Kristen R. Ghodsee. Warum Frauen im Sozialismus besseren Sex haben. Und andere Argumente für ökonomische Unabhängigkeit
Doris Hermanns

In ihrem neuen Buch stellt die Expertin für Russland und Osteuropa die Frage, wie es um die Qualität menschlicher Beziehungen gestellt ist, wenn emotionaler Gewinn und finanzieller Wert weitgehend voneinander losgekoppelt sind. Dabei wirft sie einen Blick auf einhundert Jahre Geschichte, ohne jedoch zu den Gräueln des Staatssozialismus zurückkehren zu wollen.



Zum 100. Geburtstag der Russischen Revolution von 1917 wurde Kristen R. Ghodsee von der New York Times beauftragt, eine Kolumne in ihrer Serie zu diesem Jahrestag zu diesem Thema zu schreiben, die auf einem Kapitel in ihrem Buch Red Hangover. Legacies of Twentieth-Century Communism beruhte. Da dieser Artikel unter dem Titel, der jetzt auch für das Buch verwendet wurde, weltweite Diskussionen auslöste, hat sie ihre Sichtweise jetzt in diesem Buch ausführlicher begründet.

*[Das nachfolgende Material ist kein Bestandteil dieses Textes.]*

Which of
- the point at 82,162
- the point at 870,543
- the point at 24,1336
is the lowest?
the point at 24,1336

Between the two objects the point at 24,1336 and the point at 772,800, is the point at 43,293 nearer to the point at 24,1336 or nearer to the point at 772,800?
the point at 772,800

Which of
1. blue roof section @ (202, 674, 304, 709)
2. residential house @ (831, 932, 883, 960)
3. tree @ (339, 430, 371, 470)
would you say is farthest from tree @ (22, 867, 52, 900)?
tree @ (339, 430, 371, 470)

Es ist ein sehr persönliches Buch geworden, in dem Ghodsee zum einen beschreibt, wie sie dazu gekommen ist, sich mit Osteuropa zu beschäftigen, und zum anderen von ihren Erfahrungen bei ihren (Forschungs-)Reisen berichtet. Seit ihrer Schulzeit fuhr sie immer wieder in den Osten Europas bzw. kam auch nach Deutschland, was zu interessanten Beobachtungen der Nachwendezeit im Osten und Westen des Landes führt. So führte zum Beispiel der Zuzug von Frauen aus dem Osten in den Westen dazu, dass sie Kindergärten und Krippen einforderten, die für sie selbstverständlich waren.

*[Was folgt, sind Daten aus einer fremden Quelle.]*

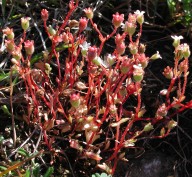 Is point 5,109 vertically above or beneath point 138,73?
beneath

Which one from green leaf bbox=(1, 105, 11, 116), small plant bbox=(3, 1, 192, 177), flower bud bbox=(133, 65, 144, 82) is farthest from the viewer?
green leaf bbox=(1, 105, 11, 116)

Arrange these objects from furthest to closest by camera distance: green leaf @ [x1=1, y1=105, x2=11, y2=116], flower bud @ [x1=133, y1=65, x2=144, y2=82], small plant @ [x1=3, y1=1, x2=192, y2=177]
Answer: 1. green leaf @ [x1=1, y1=105, x2=11, y2=116]
2. small plant @ [x1=3, y1=1, x2=192, y2=177]
3. flower bud @ [x1=133, y1=65, x2=144, y2=82]

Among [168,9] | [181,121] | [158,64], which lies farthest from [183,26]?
[181,121]

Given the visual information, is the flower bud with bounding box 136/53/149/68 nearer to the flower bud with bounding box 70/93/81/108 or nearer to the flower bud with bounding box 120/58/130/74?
the flower bud with bounding box 120/58/130/74

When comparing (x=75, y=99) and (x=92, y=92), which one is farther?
(x=92, y=92)

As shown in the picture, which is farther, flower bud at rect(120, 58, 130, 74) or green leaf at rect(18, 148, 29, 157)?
green leaf at rect(18, 148, 29, 157)

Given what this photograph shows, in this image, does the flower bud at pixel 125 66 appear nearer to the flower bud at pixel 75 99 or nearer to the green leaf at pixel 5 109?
the flower bud at pixel 75 99

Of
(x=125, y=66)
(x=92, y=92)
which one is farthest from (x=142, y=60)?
(x=92, y=92)

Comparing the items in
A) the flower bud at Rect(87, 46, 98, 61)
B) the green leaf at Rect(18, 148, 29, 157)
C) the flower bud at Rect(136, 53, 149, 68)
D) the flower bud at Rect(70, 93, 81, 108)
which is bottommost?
the green leaf at Rect(18, 148, 29, 157)

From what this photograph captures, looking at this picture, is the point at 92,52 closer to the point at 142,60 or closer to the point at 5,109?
the point at 142,60

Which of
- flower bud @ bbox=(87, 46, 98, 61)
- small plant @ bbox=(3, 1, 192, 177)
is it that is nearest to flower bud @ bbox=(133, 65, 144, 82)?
small plant @ bbox=(3, 1, 192, 177)

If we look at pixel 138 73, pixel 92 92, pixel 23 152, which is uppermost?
pixel 138 73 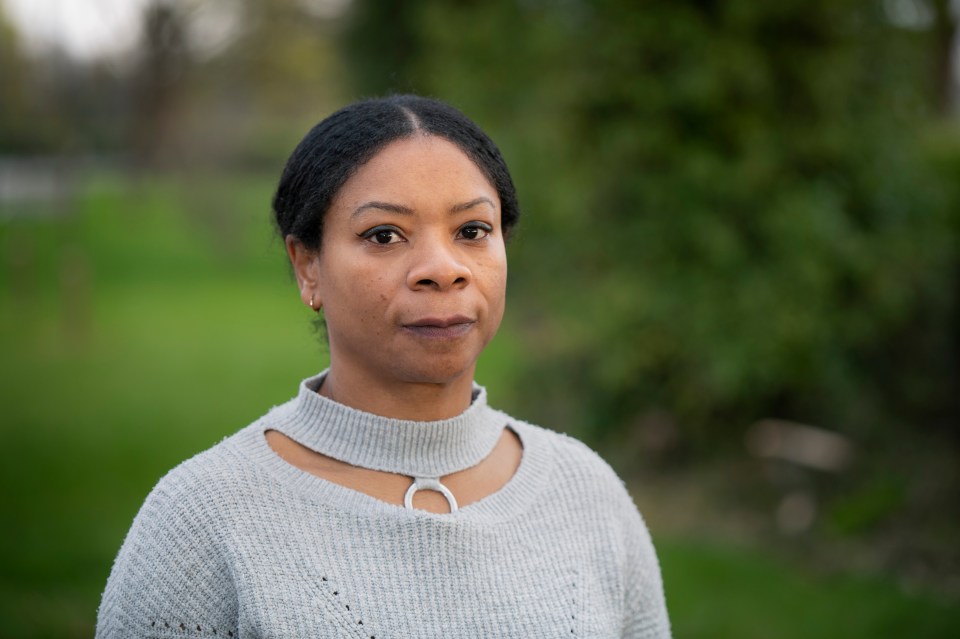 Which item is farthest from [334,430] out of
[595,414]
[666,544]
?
[595,414]

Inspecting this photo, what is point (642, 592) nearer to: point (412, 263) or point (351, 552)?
point (351, 552)

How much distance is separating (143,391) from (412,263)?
787 cm

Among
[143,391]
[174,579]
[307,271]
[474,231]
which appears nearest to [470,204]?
[474,231]

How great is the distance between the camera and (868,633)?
13.7 feet

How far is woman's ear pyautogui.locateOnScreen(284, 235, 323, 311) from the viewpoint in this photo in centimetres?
176

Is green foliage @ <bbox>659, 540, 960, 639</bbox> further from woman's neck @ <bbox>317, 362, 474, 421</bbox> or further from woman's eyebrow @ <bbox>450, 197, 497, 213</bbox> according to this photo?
woman's eyebrow @ <bbox>450, 197, 497, 213</bbox>

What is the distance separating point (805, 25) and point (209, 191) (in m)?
5.39

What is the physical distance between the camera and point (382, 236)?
1.65 meters

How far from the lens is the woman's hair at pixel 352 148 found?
1.68m

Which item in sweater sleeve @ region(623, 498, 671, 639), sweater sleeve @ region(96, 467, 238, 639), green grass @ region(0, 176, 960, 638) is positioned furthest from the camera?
green grass @ region(0, 176, 960, 638)

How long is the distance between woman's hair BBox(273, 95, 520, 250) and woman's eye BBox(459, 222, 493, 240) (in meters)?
0.10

Die Autorin macht von vornherein deutlich, dass es ihr nicht um eine Rückkehr zu einer Art des Staatssozialismus geht: "Die Kombination aus autoritärem Staat und Planwirtschaft ist an ihrer eigenen Effizienz und ihren inneren Ineffizienz und Widersprüchen gescheitert." Aber die ständigen Hinweise auf die historischen Gräuel in diesen Staaten hält sie für ein Totschlaginstrument: "Das Schlechte einzugestehen heißt nicht, das Gute zu negieren. So wie manche die amerikanische Geschichte gerne schönfärben indem sie, um nur einige Beispiele zu nennen, die Sklaverei, den institutionellen Rassismus, die Waffengewalt oder die Rekord-Inhaftierungsrate herunterzuspielen, so reden manche gerne die Geschichte des Staatssozialismus schlecht und beharren darauf, alles daran sei schrecklich gewesen." Ghodsee, die an der University of Pennsylvania Russische und Osteuropäische Studien unterrichtet, geht es darum, aufzuzeigen, dass nichts in Stein gemeißelt ist, auch der Kapitalismus nicht, zu dem viele keine Alternative sehen. Sie möchte vor allem jungen Menschen in den USA zeigen, dass eine andere Welt möglich ist, auch wenn sie eine perfekte Lösung nicht für möglich hält.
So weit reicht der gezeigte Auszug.